20. It is true that P.W.5 and P.W.11 who attested the mahazar for arrest and recovery of these jewels from the accused turned hostile. But merely because the mahazar witnesses turned hostile, it cannot be straightaway held that the evidence relating to the arrest and recovery is false. It is equally true that P.W.6, from whom M.O.2 series were recovered at the instance of A-1 also turned hostile. In this case, we have got the evidence of P.W.15, the investigating officer who speaks about the arrest and recovery of the jewels from the accused as well as from P.W.6. Apart from that, P.W.15 recovered M.O.1 7 knife in pursuance of the confession given by A-2 from the graveyard.
21. The fact that P.Ws.5,6 and 11 turned hostile would not automatically make the evidence of P.W.15 unreliable. If the evidence adduced by P.W.15 is otherwise reliable, there is no difficulty in holding that the prosecution has proved the arrest and recovery of articles from the accused persons.
22. On going through the evidence of P.W.15, it is clear that A-1 to A-3 were arrested on the same day in the same place and on their separate confessions, M.Os.1 to 4 and 17 were recovered. His evidence is clear and cogent and in the cross-examination, nothing was elicited from him that he was speaking falsehood against A-1 to A-3. As such, there is no reason to reject the evidence of P.W.15 who arrested the accused and recovered the jewels which were identified by P.W.2, the husband of the deceased that those jewels were worn by the deceased on the date of occurrence.
23. It is contended by learned counsel for the appellants that mere recovery of jewels and belongings of the deceased would not be enough to fasten the liability on the accused for the offences of murder and robbery under Sections 302 and 394 I.P.C., especially, when there is one month gap between the date of occurrence and the date of recovery of the M.Os.
24. Citing a decision of the Supreme Court reported in AIR 1997 SC 3 954 (RAMBILAS VS. STATE OF MADHYA PRADESH) and a decision of the Division Bench of this Court reported in 2000 (III) C.T.C. 151 (RAJU VS. STATE), it is contended on behalf of the accused A-1 to A-3 that mere recovery of certain incriminating articles at the instance of the accused, cannot form the basis for conviction.
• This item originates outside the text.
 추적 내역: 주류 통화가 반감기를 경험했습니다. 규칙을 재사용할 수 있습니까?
25. Relying upon the decisions of the Supreme Court reported in 1993 S.C.C. (Crl.) 999 (UNION TERRITORY OF GOA VS. BEAVENTURA D'SOUZA), 1 980 Crl.L.J. 1270 = AIR 1980 SC 1753 (NAGAPPA DONDIBA VS. STATE OF KARNATAKA) and 1982 Crl.L.J. 610 = AIR 1982 SC 129 (AMAR SINGH VS. STATE OF M.P.), it is argued by learned senior counsel for the appellants 3 and 4 that in the absence of any other evidence except recovery to connect the accused with the murder, the accused would be liable to be convicted only under Section 411 I.P.C. and not under Section 302 or 394 I.P.C. Learned senior counsel for A-3 and A-4 also relied on a decision of the Supreme Court reported in 2 001 SCC (CRL) 235 ( MANISH DIXIT VS. STATE OF RAJASTHAN) in support of his submissions.
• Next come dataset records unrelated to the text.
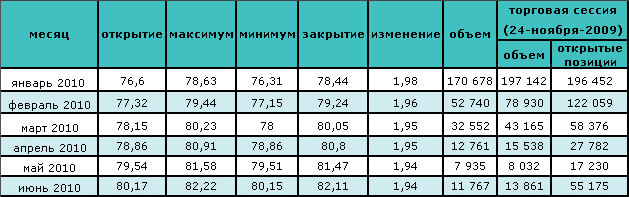 Растущие запасы нефти в США не дают расти ценам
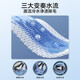小天鹅（LittleSwan）滚筒洗衣机全自动10KG变频水魔方防缠绕1.1洗净比 智能投放以旧换新家电国家补贴TG100V868PLUS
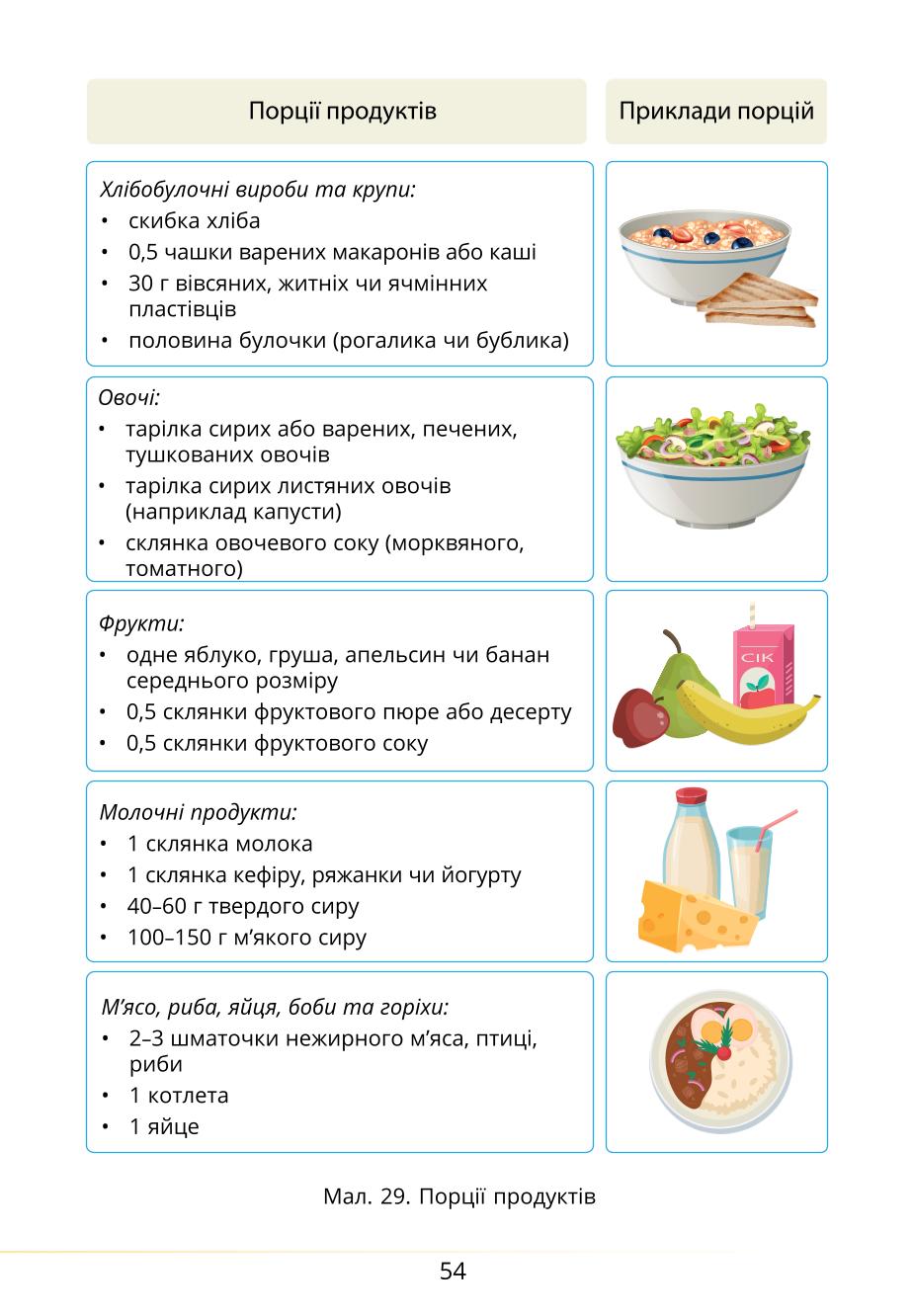 Мініатюра 54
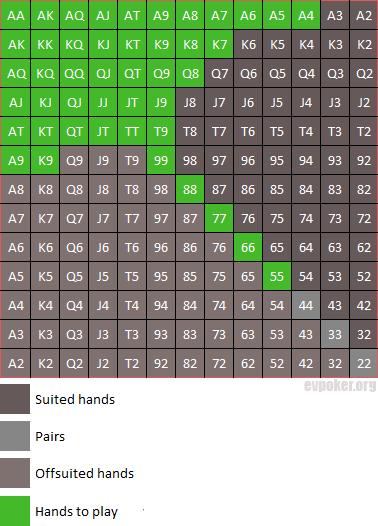 6 max poker starting hands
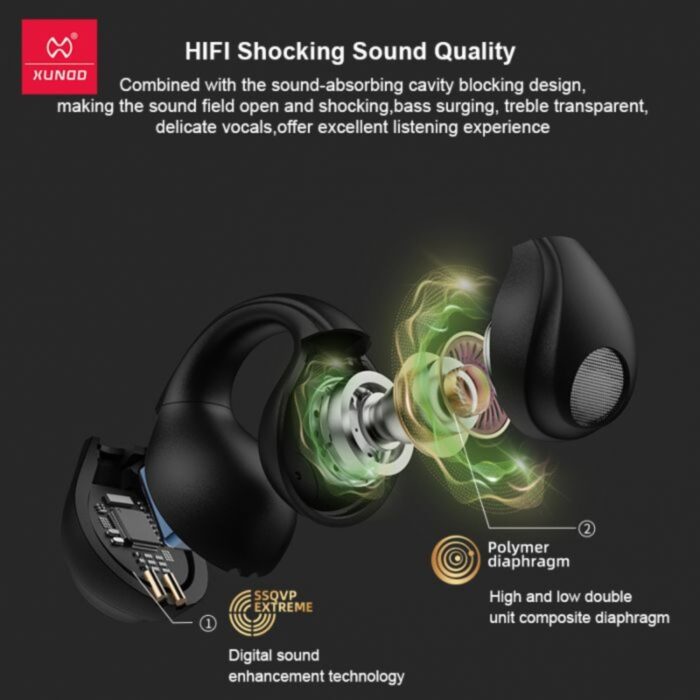 Xundd X18 TWS Clip on Earphone - Image 5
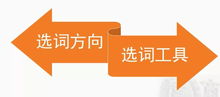 互聯(lián)網(wǎng)時(shí)代 融合營(yíng)銷思維與產(chǎn)品的引流實(shí)戰(zhàn)方法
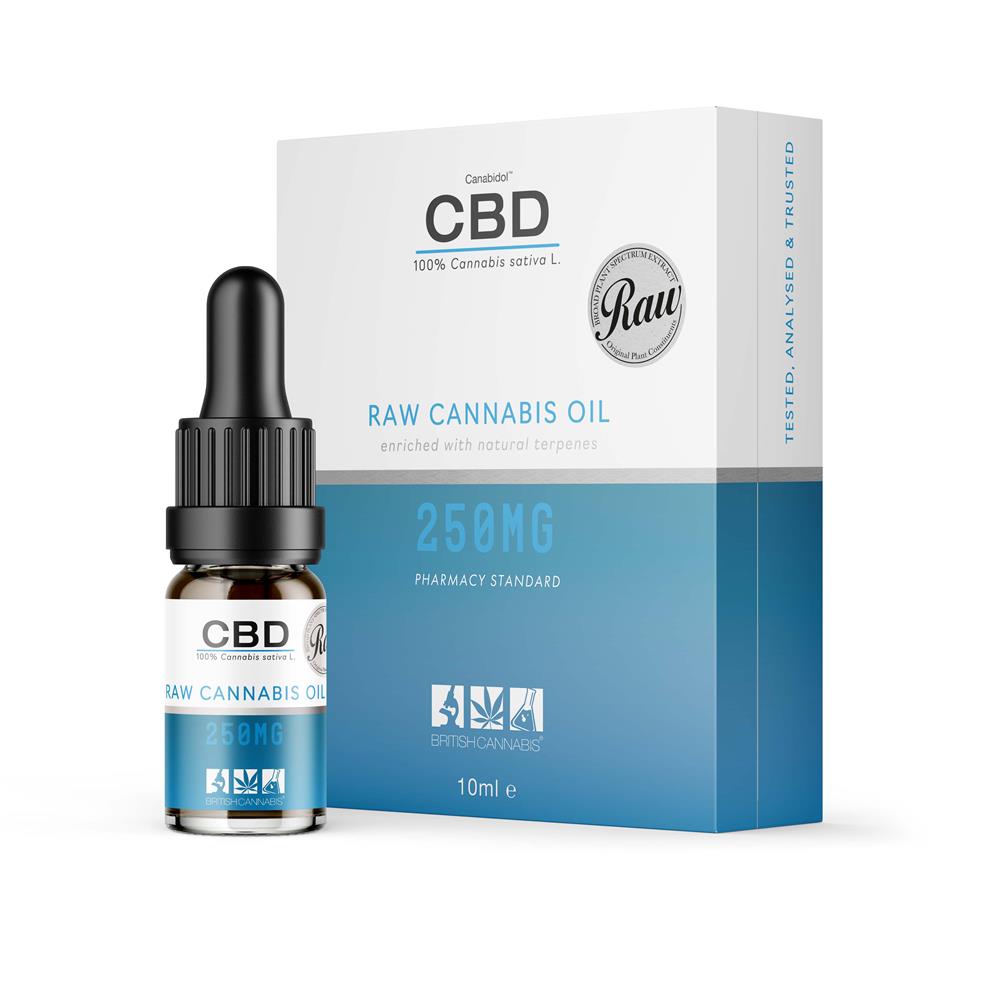 Canabidol CBD Oil Dropper (RAW) 250mg 10ml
26. On the other hand, on the strength of the decisions of the Supreme Court reported in 1998 S.C.C. (Crl) 220 (A.DEVENDRAN VS. STATE OF TAMIL NADU) and 2000 AIR SCW 2060 (EZHIL VS. STATE OF TAMIL NADU), it is contended by learned Additional Public Prosecutor that in the facts and circumstances of the case, in so far as the recovery of the jewels from A-1 to A-3 is concerned, a presumption under Section 114 (a) of the Indian Evidence Act would arise and as such, a presumption can be drawn not only for the fact that the accused were in possession of the stolen articles after committing robbery, but also committed the murder of the deceased in the absence of any explanation from the accused.
27. It is true as pointed by the learned counsel for the accused that the Supreme Court would hold in several decisions that the recovery of articles which were found stolen from the body of the deceased, would make out only the offence under Section 411 I.P.C. But, it is to be noted that in the very same decisions, it is observed that in the absence of any explanation from the accused for the possession of jewels stolen from the deceased, then a presumption can be drawn and even that depends upon the facts and circumstances of each case. It is also observed in some given cases, the pre sumption is further extended to the extent of holding that such a person committed the offence of murder also.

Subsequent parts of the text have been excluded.